# Data shown:
Content starts
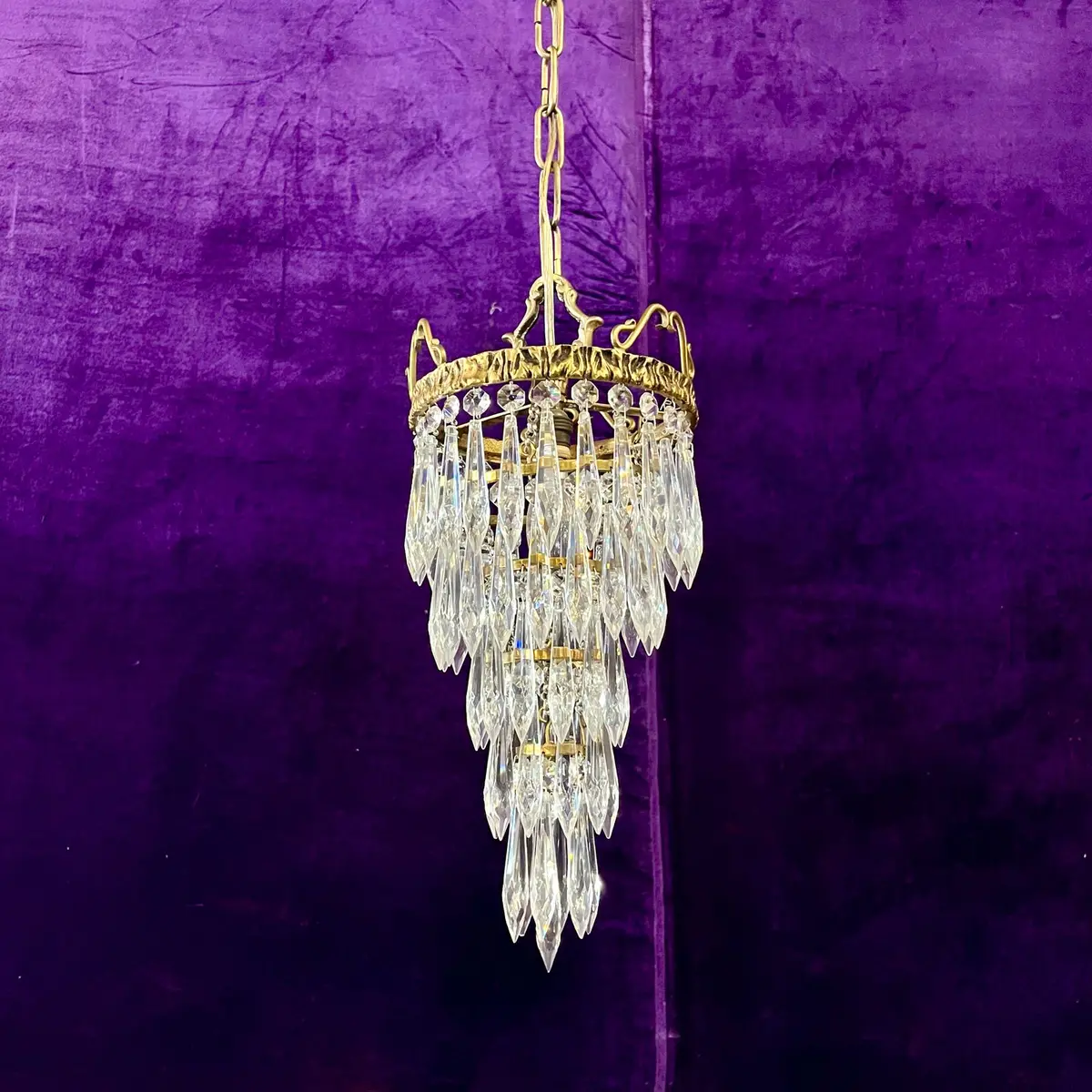 Petite Brass And Crystal Waterfall Chandelier By Delos, Contemporary - Sold 1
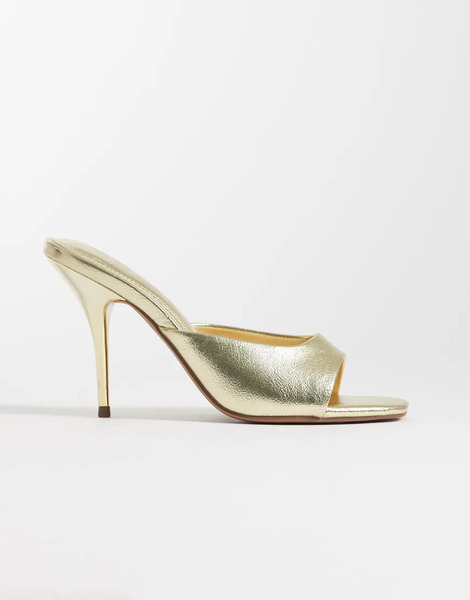  Asos Design Nighty High Heeled Mules In Gold 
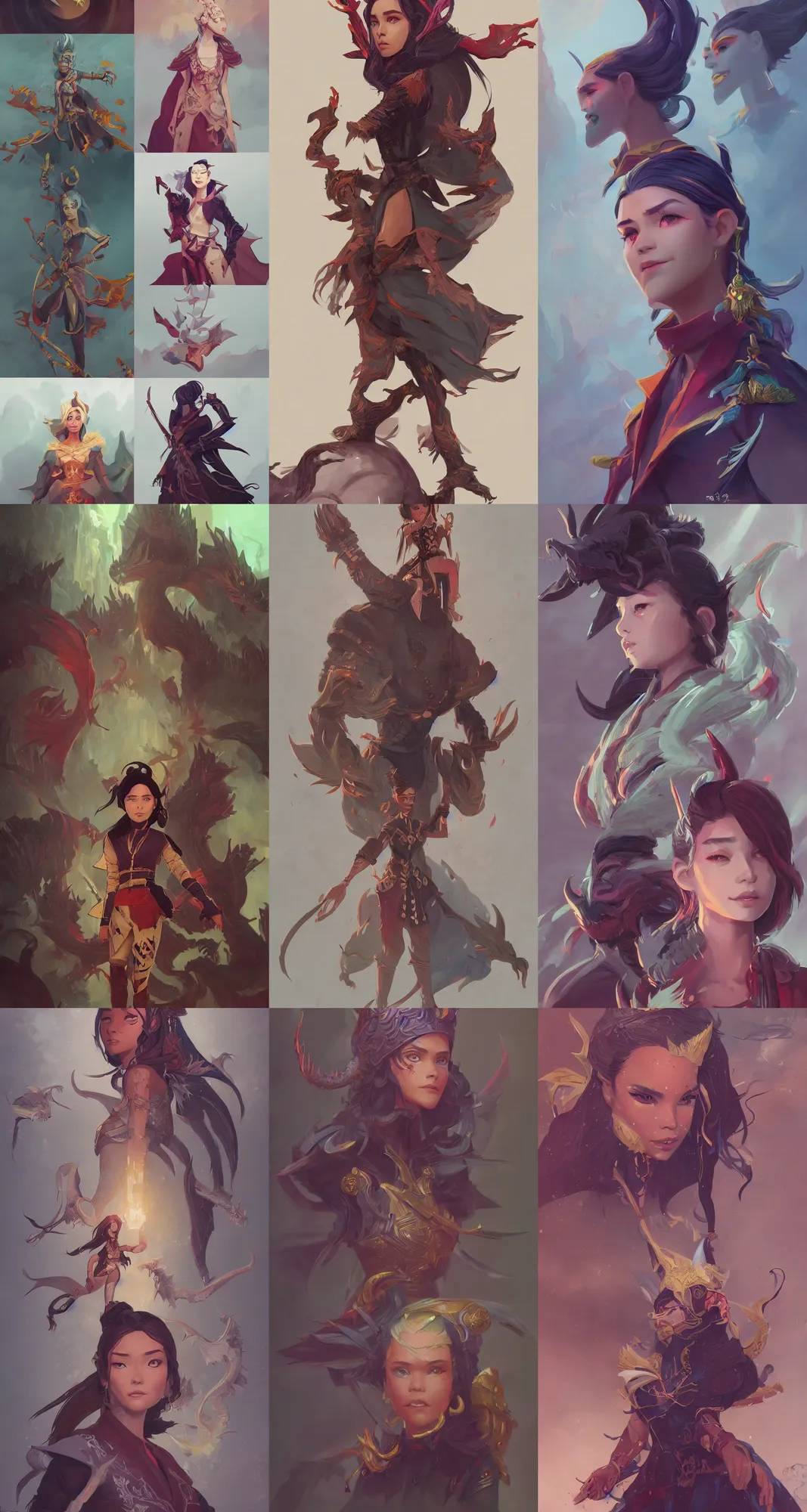 Prompt: highly detailed paintings of character concept and fashion art spot illustrations from the dragon prince and raya and the last dragon crossover, hyper detailed, digital art, trending on artstation, cinematic lighting, studio quality, smooth, sharp details, in the style of nixeu and fenghua zhong.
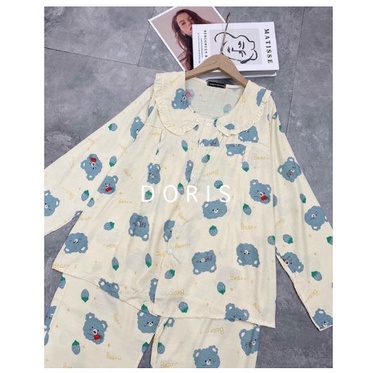 Bộ đồ bầu Pyjama cổ sen _ B068 chất đũi lạnh và cho con bú khoá ngực tiện lợi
Content ends
# Problem:
Could the data above be returned in full, exactly, with every image left out?

# Answer box:
 Petite Brass And Crystal Waterfall Chandelier By Delos, Contemporary - Sold 1
  Asos Design Nighty High Heeled Mules In Gold 
 Prompt: highly detailed paintings of character concept and fashion art spot illustrations from the dragon prince and raya and the last dragon crossover, hyper detailed, digital art, trending on artstation, cinematic lighting, studio quality, smooth, sharp details, in the style of nixeu and fenghua zhong.
 Bộ đồ bầu Pyjama cổ sen _ B068 chất đũi lạnh và cho con bú khoá ngực tiện lợi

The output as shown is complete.